Recently, a mother found that her child’s geography textbook attempted to erase the experience of slavery — a caption for a map said “The Atlantic Slave Trade between the 1500s and the 1800s brought millions of workers from Africa to the Southern United States to work on agricultural plantations.” The rest of it wasn’t much better.
Now, the Texas textbook adoption process is incredibly long and involved, and ends with a vote by the elected officials of the State Board of Education. There are all kinds of incentives to tell them what they want to hear, especially considering that the whole process from decisions on standards to approving textbooks takes many years. The last time a social studies textbook was approved was over a decade ago. That’s a long time to wait to try again if a publisher wasn’t approved — which is a very long time to be locked out of one of the most (if not the most) lucrative textbook markets in the country.

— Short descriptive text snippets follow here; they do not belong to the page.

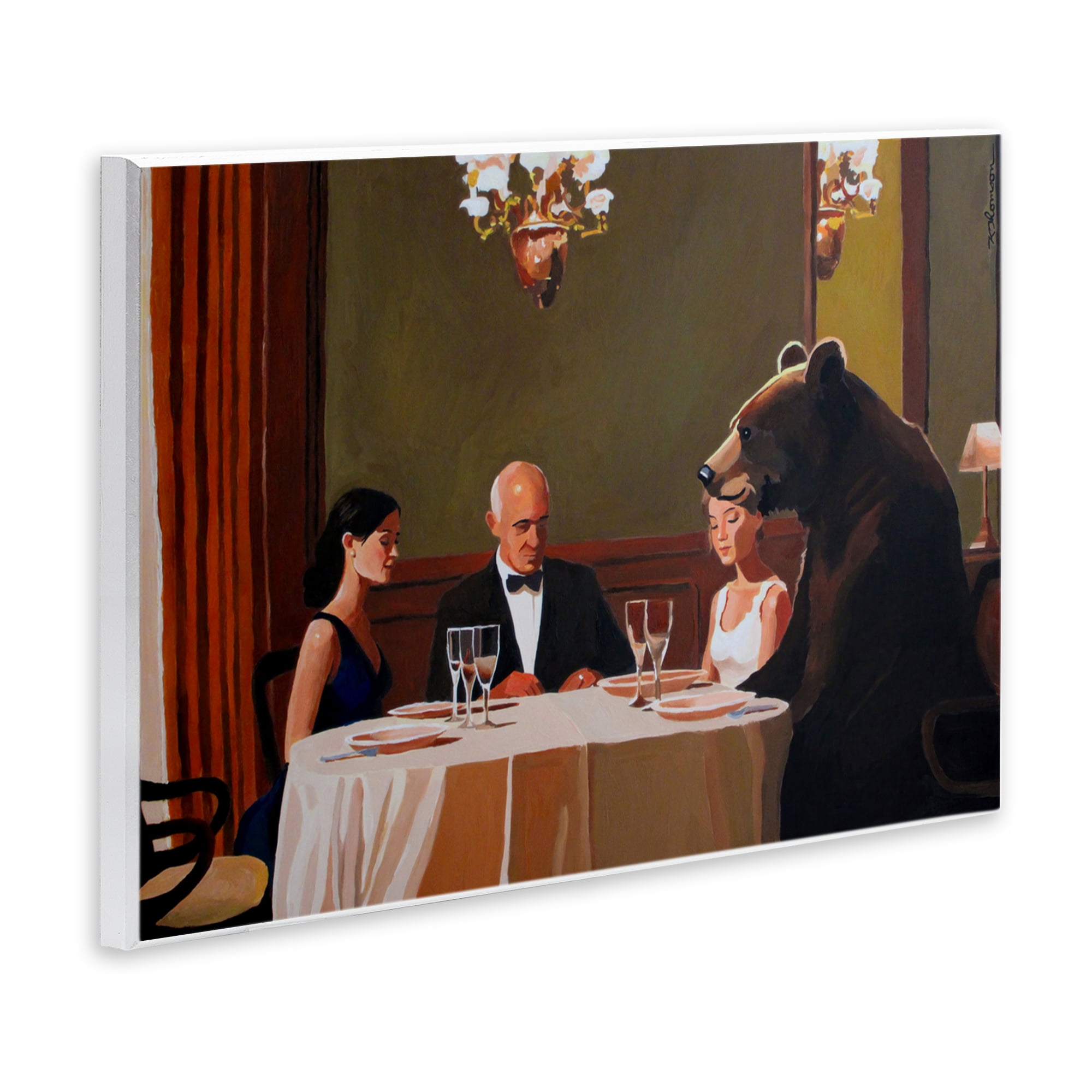 Dinner Guests & Steve Wall Plaque Art, design by Keith Thomson
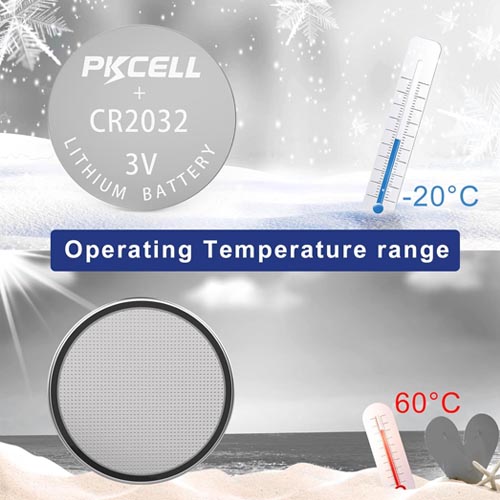 PKCELL CR2032 button cell lithium batteries 3.0 V 210 mAh - Image 5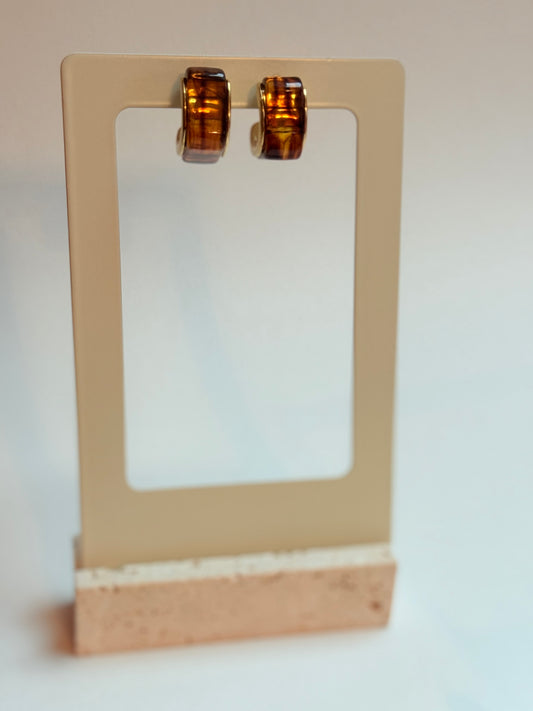 Tortoise shell Earrings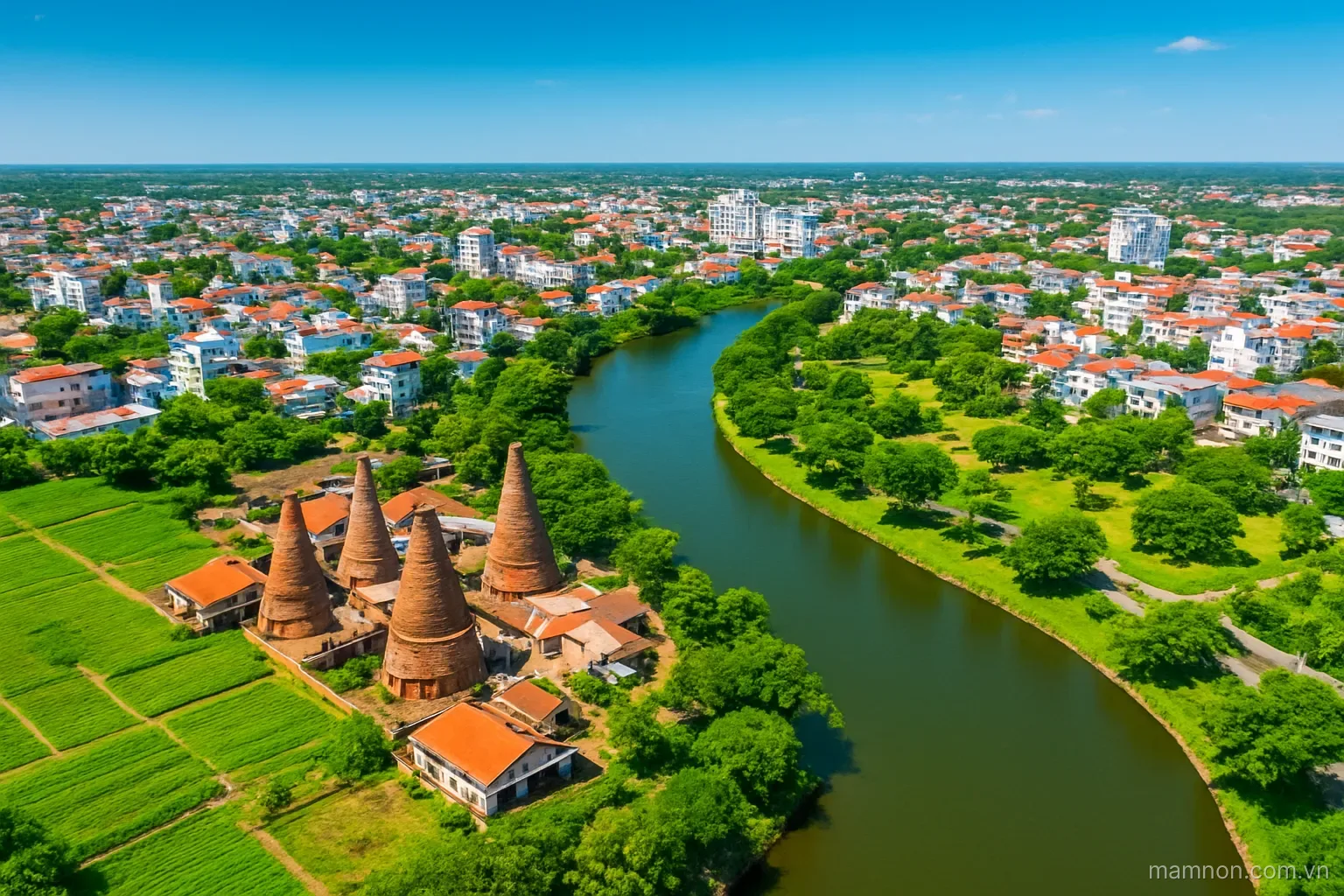 Trẻ mầm non tại Thành phố Tân Uyên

But it’s no excuse for trying to blur the boundary between “worker” and “slave.” The screen capture below shows how often and where the word “slave” and its permutations appear in WorldView Software’s World Geography:
It’s definitely in our product.
But the truth is that a textbook will be a poor substitute for primary source information about a subject like slavery. A textbook tends to be quite abstract (mealy-mouthed language and grammar choices made to satisfy ideologues aside) and to know what slavery was like in the United States before and during the Civil War, an excellent resource is the Library of Congress’s archive of the Federal Writer’s Project, in particular the first-person Slave Narratives. These narratives aren’t perfect, and it’s worth reading the introduction to see some of the ways they fall short of the historical researcher’s ideal: bias in interviewer selection, in interviewer training, and so on.
But what could be more powerful than reading how Tempie Cummins‘ mother freed herself and the other slaves on a farm? Keep in mind that the quote below is an interviewer’s attempt to reproduce an accent and dialect in writing:
“The white chillun tries teach me to read and write but I didn’ larn much, ’cause I allus workin’. Mother was workin’ in the house, and she cooked too. She say she used to hide in the chimney corner and listen to what the white folks say. When freedom was ‘clared, marster wouldn’ tell ’em, but mother she hear him tellin’ mistus that the slaves was free but they didn’ know it and he’s not gwineter tell ’em till he makes another crop or two. When mother hear that she say she slip out the chimney corner and crack her heels together four times and shouts, ‘I’s free, I’s free.’ Then she runs to the field, ‘gainst marster’s will and tol’ all the other slaves and they quit work. Then she run away and in the night she slip into a big ravine near the house and have them bring me to her. Marster, he come out with his gun and shot at mother but she run down the ravine and gits away with me.
Learning how much deception played a part in keeping people enslaved should also teach us empathy for those caught in slavery’s grip here and now. The only difference is that the “peculiar institution” is now called “labor trafficking.” But it’s still slavery, and it’s a part of the supply chain for many things in a modern economy, which means we as Americans are still complicit in it.